Jan. 14, 2026, 10:00 AM UTC

Top deals law firms are involving antitrust attorneys earlier in the process as the Trump administration emphasizes negotiation over court fights.

“We sit at the table right next to our antitrust partners early and often throughout the deal,” said Jim Langston, co-head of the mergers and acquisitions group at Paul Weiss. The firm worked on massive M&A transactions for Charter Communications and Keurig Dr Pepper last year.

Firms are seeing openings to collaborate with antitrust regulators to push transactions across the finish line. That’s a departure from the Biden era approach, in which the Federal Trade Commission and Justice Department took a harder line against mergers and other deals they viewed as anticompetitive.

The shift highlights law firms’ differing views of where antitrust practices fit within their organization structures.
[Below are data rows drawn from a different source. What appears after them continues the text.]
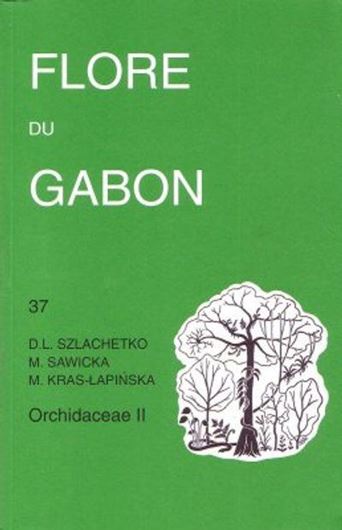 No. 037: Szlachetko, D. L., M. Sawicka, M. Kras - Lapinska: Orchidaceae II. 2004. 58 dot maps. 119 pls. (line - drawgs.). 274 p. gr8vo. Paper bd.
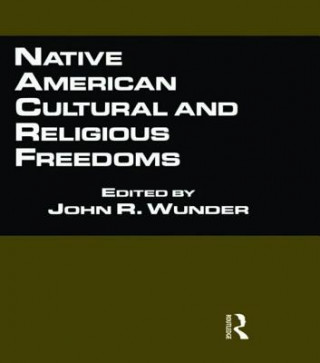 Könyv Native American Cultural and Religious Freedoms John R. Wunder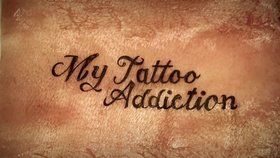 我的纹身情结My Tattoo Adiction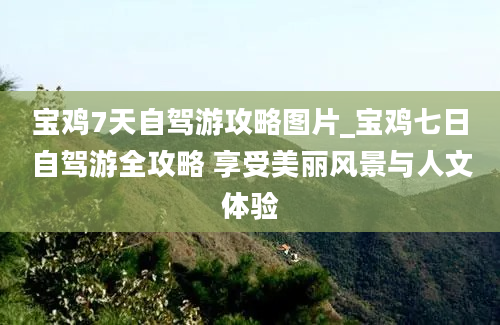 宝鸡7天自驾游攻略图片_宝鸡七日自驾游全攻略 享受美丽风景与人文体验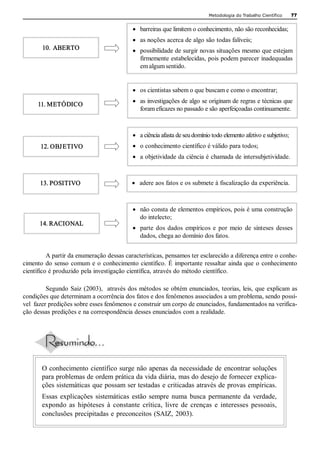 Metodologia do Trabalho Científico     77 


                                              ·  barreiras que limitem o conhecimento, não são reconhecidas;
                                              ·  as noções acerca de algo são todas falíveis;
        10.  ABERTO                           ·  possibilidade de surgir novas situações mesmo que estejam 
                                                 firmemente estabelecidas, pois podem parecer inadequadas 
                                                 em algum sentido. 


                                              ·  os cientistas sabem o que buscam e como o encontrar;
                                              ·  as investigações de algo se originam de regras e técnicas que 
      11. METÓDICO
                                                 foram eficazes no passado e são aperfeiçoadas continuamente. 



                                              ·  a ciência afasta de seu domínio todo elemento afetivo e subjetivo;
       12. OBJ ETIVO                          ·  o conhecimento científico é válido para todos;
                                              ·  a objetividade da ciência é chamada de intersubjetividade. 



       13. POSITIVO                          ·  adere aos fatos e os submete à fiscalização da experiência. 



                                              ·  não consta de elementos empíricos, pois é uma construção 
                                                 do intelecto;
       14. RACIONAL
                                              ·  parte  dos  dados  empíricos  e  por  meio  de  sínteses  desses 
                                                 dados, chega ao domínio dos fatos. 


          A partir da enumeração dessas características, pensamos ter esclarecido a diferença entre o conhe­ 
cimento  do  senso  comum  e  o  conhecimento científico.  É  importante  ressaltar  ainda  que  o  conhecimento 
científico é produzido pela investigação científica, através do método científico. 

          Segundo  Saiz  (2003),   através  dos  métodos  se  obtém  enunciados,  teorias, leis,  que  explicam  as 
condições que determinam a ocorrência dos fatos e dos fenômenos associados a um problema, sendo possí­ 
vel  fazer predições sobre esses fenômenos e construir um corpo de enunciados, fundamentados na verifica­ 
ção dessas predições e na correspondência desses enunciados com a realidade. 




        O conhecimento  científico surge não apenas  da necessidade de  encontrar soluções 
        para problemas de ordem prática da vida diária, mas do desejo de fornecer explica­ 
        ções sistemáticas que possam ser testadas e criticadas através de provas empíricas. 
        Essas  explicações  sistemáticas  estão  sempre  numa  busca  permanente  da  verdade, 
        expondo  as  hipóteses  à  constante  crítica,  livre  de  crenças  e  interesses  pessoais, 
        conclusões precipitadas e  preconceitos (SAIZ, 2003).
 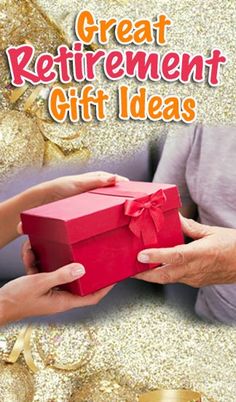 two hands holding a red present box with the words great retirement gift ideas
Several firms operate antitrust practices as standalone groups, while others house them within larger litigation departments or scatter them across groups.

Paul Weiss treats antitrust as part of both the firm’s transactions and litigation services. “We think that’s a big part of our value proposition,” Langston said “to put the best M&A lawyers and the best antitrust lawyers together under one roof on a global basis.”

Kirkland & Ellis, the global deals giant that has been bulking up its trial lawyer roster, embeds antitrust attorneys in its litigation group to ensure they ready to defend deals from government challenges.

“We’re letting them know, just on reputation and track record, that we are ready if necessary,” said Matt Reilly, an antitrust partner at the firm. His antitrust work includes guiding AbbVie in its $63 billion acquisition of Allergan and steering Bristol-Myers Squibb in its $90 billion acquisition of Celgene. Regulators factor litigation risks into the reviews of deals, according to Reilly, previously an FTC assistant director.

Kirkland was the second-leading legal adviser on global M&A transactions last year, steering more than $743 billion worth of deals, according to Bloomberg Law data.

The firm’s leaders have worked to soften Kirkland’s “wolves in wolves’ clothing” reputation in recent years and develop a more collaborative culture across transactions and litigation teams.

‘Cogs in the Machine’

Deals lawyers say US regulators have shown a renewed willingness to negotiate and work through M&A transactions in Trump’s second term.

The FTC has signaled that behavioral remedies—pledges to change business conduct after a deal is approved—are back in play. That follows a stretch in which the agency under Biden focused on blocking deals and often required structural changes, like selling assets, to address antitrust concerns.

Collaborations with the agencies are in full swing. Last year, the FTC required Synopsys and Ansys to divest assets to approve the $35 billion merger between the two companies. The agency used a behavioral remedy to permit Omnicom’s purchase of Interpublic by barring the new company from steering ad money to or from publishers based on politics.

Firms are turning to antitrust lawyers earlier to try to get ahead of regulatory problems rather than having to swoop in later and defend deals from attacks. They also need more time to complete paperwork requirements under the Hart-Scott-Rodino Act, which were expanded as part of a Biden FTC initiative.

Melissa Sawyer, co-head of Sullivan & Cromwell’s global M&A group, said some firm leaders are rethinking whether it “makes sense” to house antitrust in litigation departments. The Wall Street firm was among the top 20 M&A advisers last year, guiding deals involving Elon Musk’s X Corp. and Pinnacle Financial Partners.

That does not mean antitrust lawyers should be moved under the corporate transactions umbrella at most firms, said Christine Wilson, a former FTC Commissioner who now leads the antitrust practice for Freshfields. The firm operates a standalone antitrust practice.

“From an institutional perspective, my sense is that when antitrust and other so-called specialists are embedded in the corporate practice, they are viewed as service partners and cogs in the machine,” she said.

A standalone practice gives antitrust lawyers more autonomy as a group, said Brian Byrne, a partner at Cleary Gottlieb Steen & Hamilton. It allows them to operate as a “destination practice” for clients to seek advice without necessarily also turning to the same firm for litigation or M&A services. It also prevents turf wars and cultural skirmishes among lawyers from different groups.

“The trend is that clients are increasingly going to firms that have top antitrust practices separately, even if they like someone else on M&A work,” said Byrne, whose firm guided Synopsys on the Ansys deal.

If an antitrust group is too much of a subsidiary to either corporate or litigation, a firm risks “not giving the client everything,” he said.

Even Kirkland’s lawyers say they are benefiting from the administration’s more open approach to getting deals through antitrust review. That includes deals on which their transactions lawyers are advising.

Antitrust partner Andrea Murino helped steer through regulator review the sale of a private equity-backed company that owns oil change businesses to Valvoline, Inc., a deal announced last February. Although the company had to sell off some of its shops elsewhere to gain approval, Murino said the experience was smooth.

“It went through a process, which I found to be very transparent and collaborative,” she said. “I thought it was a real return to the norms that existed prior to Biden.”